Maybe leaving your accounting job isn't an option for you right now.
You have too much debt, you're living paycheck-to-paycheck, or you even had a hard enough time getting your current job. If you see yourself being there for the indefinite future while you save up the money or courage for your next move, you need to make the best of it for now.
Here are a few suggestions on how to make your boring accounting job better:
1. Interact with your co-workers
One of the best ways to make your accounting job better is to engage more with your co-workers. I would find several times a day to chat with my co-workers so I could take a break and give my eyes a rest from the computer screen. Be respectful of your co-workers' time and space, but go and chat with them about something THEY like. Be a good listener and ask insightful questions. The conversation doesn't have to be work related (in fact make it interesting and not more boring work stuff) but could be about a upcoming event, interesting news affecting your industry or even something funny. The point is to get up from your desk, take a break from your work, and mingle occasionally. Sometimes the best ideas can come from interacting with other people.
2. Go on regular walks
Aside from the exercise you are getting when you walk, you also allow your brain to take a break from the task at hand. When I worked in an office, I loved taking a walk on my lunch hour so I can step away from the desk, get outside and free my mind from work. Taking in the scenery that isn't a beige cubicle farm can remind you there is life outside the office.
3. Request a special project you're interested in
Working on a special project outside of your routine responsibilities is key to growing. If you've already make all your regular duties efficient, then take something on that needs improvement. It's a satisfying feeling to say you've taken a process and reduced the time it takes or found a way for the company or client to save money. Don't just wait to be handed something, ask your boss or your team what their current pain points are or if you can take something off their plate. This pro-activeness will be especially rewarding when it comes to annual review time.
4. Listen to some music
When working on a boring, repetitive administrative task, liven it up by plugging in your headphones and rocking out to your favorite music mix. I once got stuck working on a project that consisted of printing hundreds of invoices. Since it was monotonous and soul-crushing, the only thing I had to look forward to during those hours was zoning out to some music. Listening to music will be ideal for something that doesn't take a lot of mental focus so you can get lost in the lyrics and still get the job done.
5. Take a different route to work
You've optimized your daily commute by taking the best routes possible but sometimes it's ok to just not take the most efficient route to work. If your day is starting off by going down the same roads, sitting at the same traffic lights, and dealing with the same a**holes in traffic, then switch up your morning route to work.
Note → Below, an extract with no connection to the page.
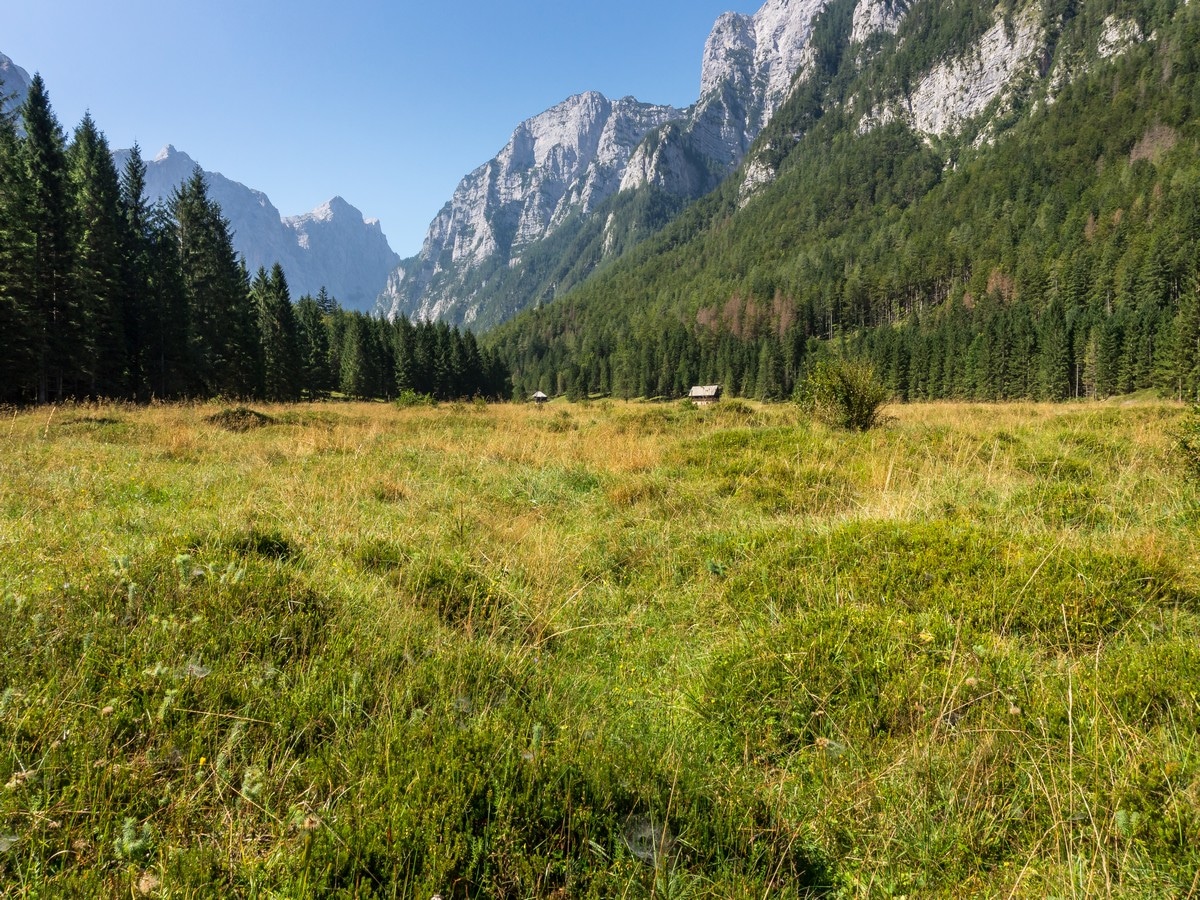 Krma valley meadows as seen the Kredarica Hike in Julian Alps, Slovenia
It may not seem obvious, but by changing how you start your day can make a big difference on how the rest of the day plays out. If you usually drive, then take a train, walk or just take a more scenic route if possible. When you are forced to explore a new route you are going on a mini-adventure and breaking up your boring routine.
6. Be the 'Go To' person for [fill in the blank]
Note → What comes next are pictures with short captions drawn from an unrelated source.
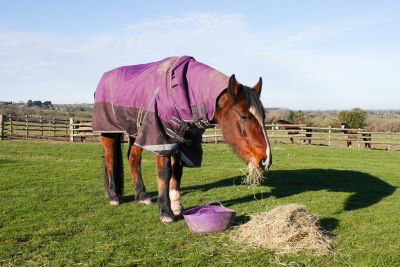 horse eating feed and hay in field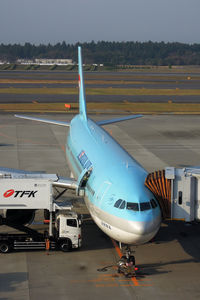 HL7297 photo, click to enlarge
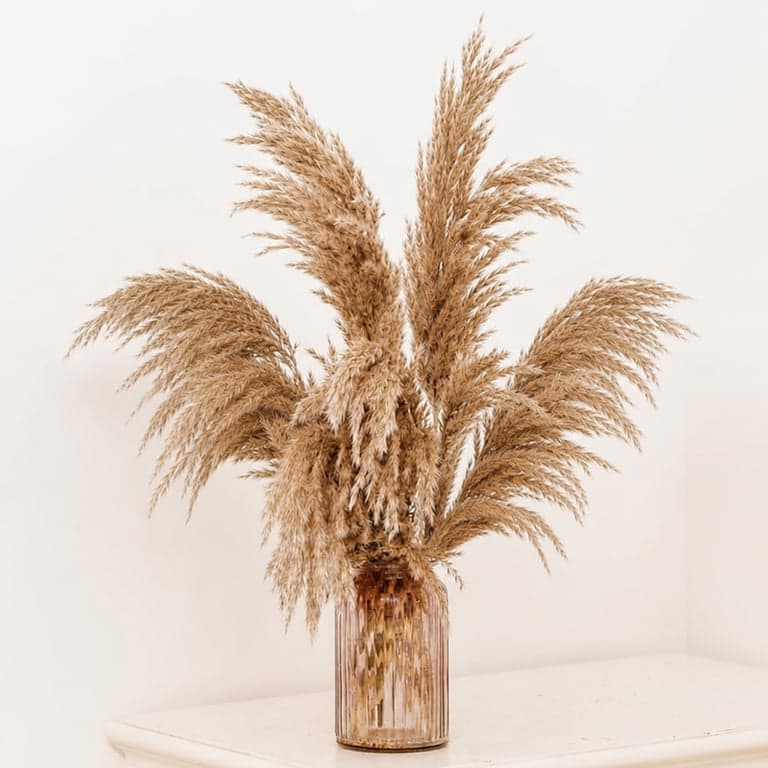 GOALS Buchet de iarbă de pampas, 10 fire, decorațiune maro stil boho, 60 cm, buchet de flori uscate pentru nuntă și decor de toamnă pentru casă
I was known as the Credit Card guru at my former job. People would come to me for advice and recommendations when it came to credit cards and using them for free travel. I loved it because it's something I'm passionate about and I liked being the 'go to' guy for something other than accounting related issues. Having a feeling of significance at your job is important, even if you don't enjoy your work. So find something you can be the 'go to' person for.
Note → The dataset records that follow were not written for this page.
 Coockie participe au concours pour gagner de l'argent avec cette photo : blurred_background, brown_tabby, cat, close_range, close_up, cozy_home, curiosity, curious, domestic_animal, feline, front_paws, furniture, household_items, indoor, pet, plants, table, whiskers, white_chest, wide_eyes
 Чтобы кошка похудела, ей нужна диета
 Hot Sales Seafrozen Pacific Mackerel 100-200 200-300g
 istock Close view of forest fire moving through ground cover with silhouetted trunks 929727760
7. Don't ask permission, beg for forgiveness
I don't ask permission. If I had to leave work a half hour or hour early then I wouldn't always ask, I would just leave after I got my work done. You don't need to be micromanaged and if an hour or so is going to freak your boss out then are you sure you want to be working for them? Just get your work done when it needs to get done. Same goes for changing processes. I wouldn't ask if I could make something better, I would just do it. You want more freedom, then you are going to have to demand it (but be responsible ok?). You can always beg for forgiveness after the fact. By learning to just do and not ask permission, it will go a long ways when it does come time to finally take that leap from your job.
8. Start plotting your escape
When it got to the point at any one of my accounting jobs where none of the above activities were enough to keep me engaged, I knew it was time to leave. Once you figure out that it's time, start creating your master plan for leaving. Even if it is months or years down the road, having that "light at the end of the tunnel" can give you the motivation to power through your boring job.
The Bottom Line
There are certain things you can control at your job and other things you can't. So only focus on the things you can control. You are spending 8+ hours a day with your co-workers so you might as well enjoy the people part if you can't enjoy the actual work itself. It's up to you to be proactive when it comes to making your accounting job less boring.